Mr. Watson was little known outside Texas when Johnson invited him to join the White House staff in January 1965, months after the president's first chief of staff, Walter Jenkins, resigned after being arrested during a sexual encounter with another man.
Mr. Watson was a Southern Baptist deacon who neither drank nor danced, as Time magazine reported, and “invariably wears a vest and a buttoned-up air of rectitude.” Unlike other Washington operators on the move, he deflected press attention, telling a New York Times reporter that he had “very little power of decision. I try to remember that that’s a fact.”
Despite his modest title of appointments secretary, he became a quiet power broker in his own right, wielding enormous influence over the president’s schedule, daily briefings, and political and judicial appointments. Occupying the office closest to the president’s, Mr. Watson often worked 18-hour days and was Johnson’s liaison to the FBI and to Democratic operatives throughout the country and on Capitol Hill. He was described by the Times as “one of the least known but most important men in Washington.”
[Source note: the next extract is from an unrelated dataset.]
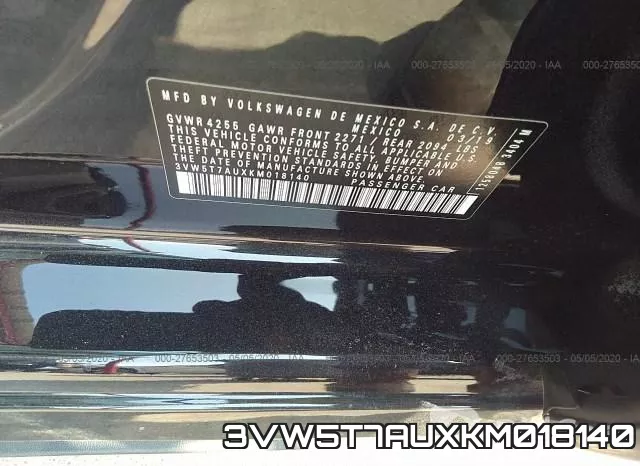 3VW5T7AUXKM018140 фото 10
A conservative Democrat who never ran for elective office, Mr. Watson was not considered an architect of Johnson’s major legislative policies on civil rights and expansive social programs that came to be called the Great Society. Instead, he seemed content to serve as the president’s gatekeeper, or “Johnson’s “bureaucrat par excellence,” as historian Robert Dallek wrote in his Johnson biography “Flawed Giant.”
After helping during the 1960 campaign, Mr. Watson gained Johnson’s trust by managing the day-to-day details of the 1964 Democratic National Convention. He took credit for blocking the influence of Kennedy loyalists he suspected of plotting to nominate Johnson’s rival, Attorney General Robert F. Kennedy, the assassinated president’s brother, in a convention-floor coup.
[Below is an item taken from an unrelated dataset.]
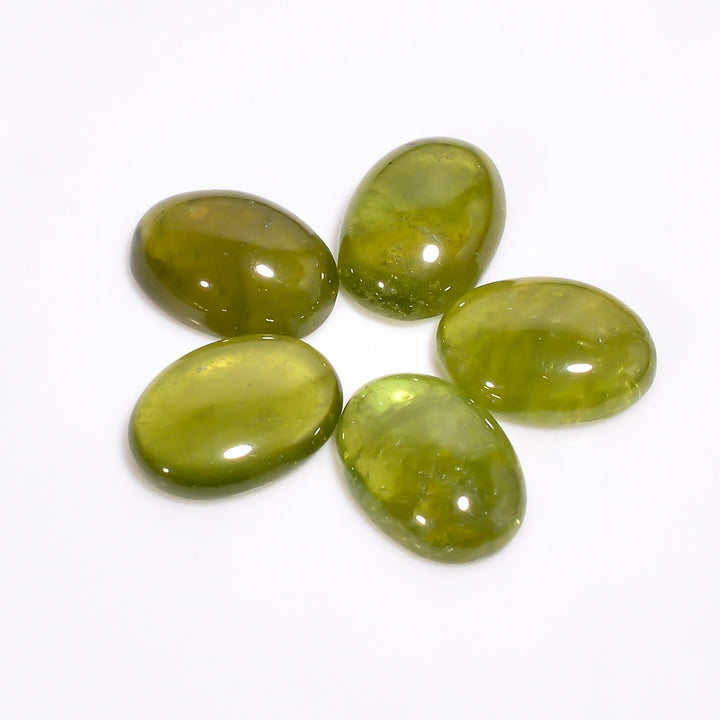 vesuvianite oval shape cabochon loose gemstone 5 pcs lot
No detail escaped Mr. Watson’s discerning eye. While working at the White House, he established strict standards of accountability, not all of which were popular.
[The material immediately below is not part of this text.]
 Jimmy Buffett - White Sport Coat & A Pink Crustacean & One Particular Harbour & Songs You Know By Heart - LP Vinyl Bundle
“Responding to Johnson’s insistence on a leak-proof administration,” Dallek wrote, Mr. Watson “required that White House operators record all incoming and outgoing calls, including the names of the parties speaking to each other. He insisted that White House chauffeurs report on the destination of any staff member using official transportation.”
Presidential foreign policy adviser McGeorge Bundy protested the watchdog system in a memo to Johnson, and political columnists Rowland Evans and Robert Novak exposed what they called Mr. Watson's "gumshoe tactics" in 1966. The practices were quickly stopped.
Another time, after Johnson casually remarked that he would like to build a wall to keep nosy reporters at bay, Mr. Watson ordered masons to start building a barrier between the Executive Office Building and the White House. Other members of the administration canceled the project.
Mr. Watson was a strong behind-the-scenes force who pushed several Kennedy holdovers out of the administration. In his memoir, Mr. Watson said he either fired or helped engineer the dismissals of such top White House advisers as Bundy, Richard Goodwin, Robert E. Kintner and press secretary Bill Moyers.
After three years as de facto chief of staff, Mr. Watson was appointed postmaster general in April 1968, serving in what was then a Cabinet position until Johnson left office the following January.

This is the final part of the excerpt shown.